The hangar was constructed as one of the first hangars at the base, which opened two years prior. The building was constructed with the goal of giving the Strategic Air Command crews a place to sustain an aircraft's condition should behavior by the Soviet Union warrant an attack. It also had the added benefit of protecting the crews from the harsh Maine weather. Having the capability to house five B-36 Peacemaker aircraft was critical, as the base was originally designated to host over one hundred of these aircraft. It was also one of the first double-cantilever hangars built for the Strategic Air Command, due to a new demand for a larger and more efficient space, in contrast to the World War II-era buildings inherited on many other bases.

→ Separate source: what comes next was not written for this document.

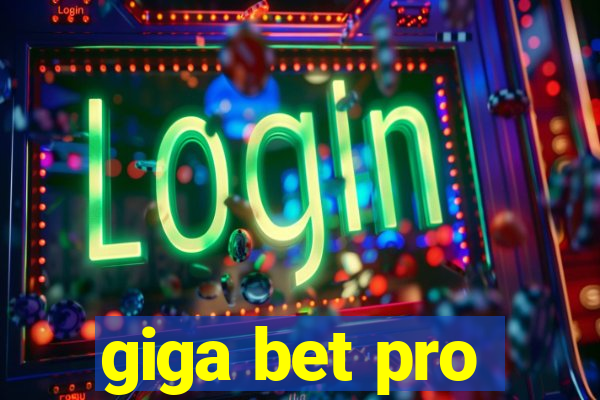 giga bet pro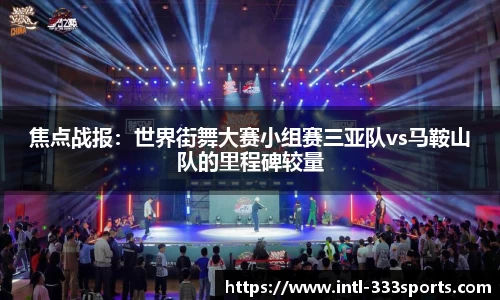 焦点战报:世界街舞大赛小组赛三亚队vs马鞍山队的里程碑较量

The building has an ejected caisson foundation designed to ensure stability in the harsh conditions of northern Maine. The foundation consists of 260 24 in diameter concrete caissons that extend down to limestone bedrock at a depth of 25 ft. Longitudinal arched steel trusses that are cantilevered 95 ft at both ends from the shop supports in the center allow maximum vertical clearance. The north and south walls of the hangar each have a set of six doors that, when fully open, form a 300 ft wide opening that accommodates the full wingspan of a B-36.

==Post-closure usage==
After the 1994 closure of Loring Air Force Base, many of the buildings were evaluated for historical significance in the Loring AFB Historic Building Inventory and Evaluation. The hangar was one of a handful of structures on the base that were listed for possible future inclusion on the National Register of Historic Places, due to its historic nature. This view was concurred by the Maine State Historic Preservation Officer and the Air Force's recommendation of the Historic American Buildings Survey. The hangar is one of several Loring AFB buildings that have new uses as components of the Loring Commerce Centre.

== Current use ==
The hanger is now used by Aerointelligence as their primary aircraft maintenance facility.